Today’s #MurderEveryMonday theme, an activity created by Kate Jackson, is a crime fiction book with an archaeology theme or connection. My first thought went to an Agatha Christie short story published for the first time in a magazine in 1923, as it common at the time, and then compiled in a book form in 1924, called The Adventure of the Egyptian Tomb.

This is one of my favorites because Agatha Christie challenges our beliefs. The story revolves around the excavation of the tomb of the Pharaoh Men-her-Ra and an Egyptian curse, where the people related to the excavation start dying. Poirot is called by the widow of the archaeologist to investigate and accepts saying he, too, believes in the forces of superstition, which surprises both Hastings and the reader. I don’t want to give any spoilers, but we know Poirot is always right in the end, so if you want to know why you need to read the story. It is also interesting that there was what become a great archaeology discovery in 1922 by Howard Carter and his patron, the Earl of Carnarvon. The discovery of the tomb of Tutankhamun and the fact that the Earl of Carnarvon died soon after filled the newspapers at the time with stories about curses, so this may be the source of inspiration to this short.

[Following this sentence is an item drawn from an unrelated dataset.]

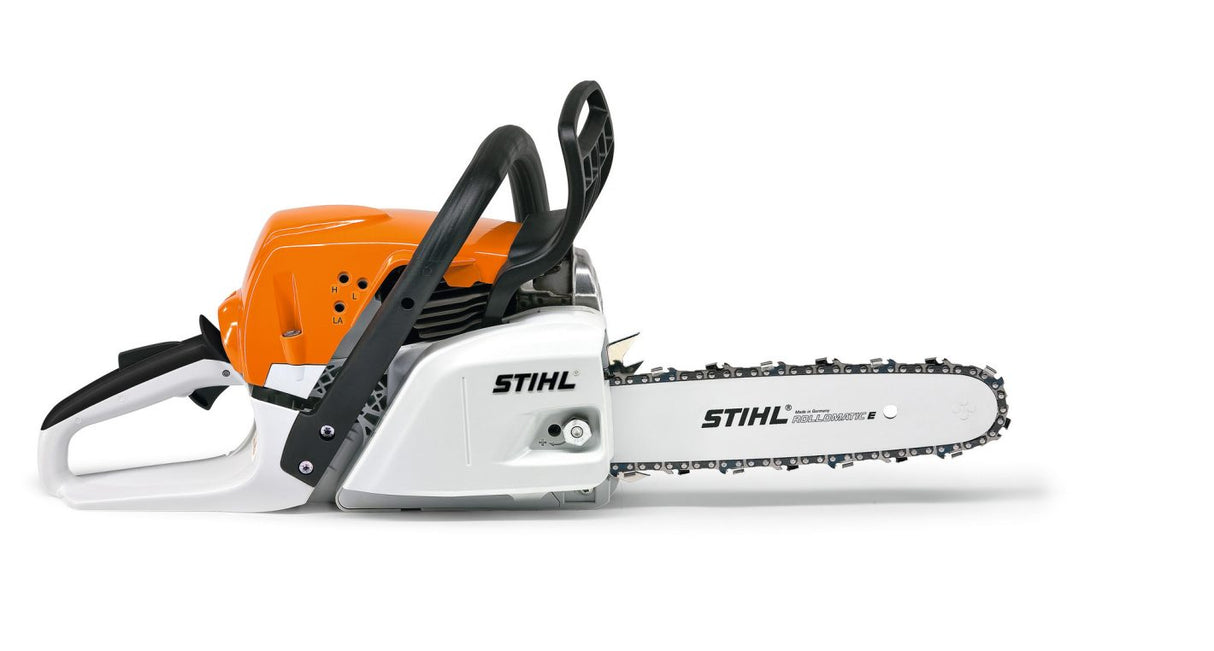 Stihl Motorsag MS 251 35cm/14" 63PMC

Two novels with an archaeology theme, which make use of the knowledge Christie had with excavations, are Appointment with Death and Murder in Mesopotamia, and while I like them both, if I had to choose I would go for the second.

I also want to add to the pile a non-fiction book Come, tell me how you live, a book Agatha Christie wrote during the second world war as a way of remembering her expeditions in Syria with her husband Max Mallowan. The book answers the questions other people asked her about how it was to live the excavations sites and it written in a light and humorous way: a delight that I truly recommend!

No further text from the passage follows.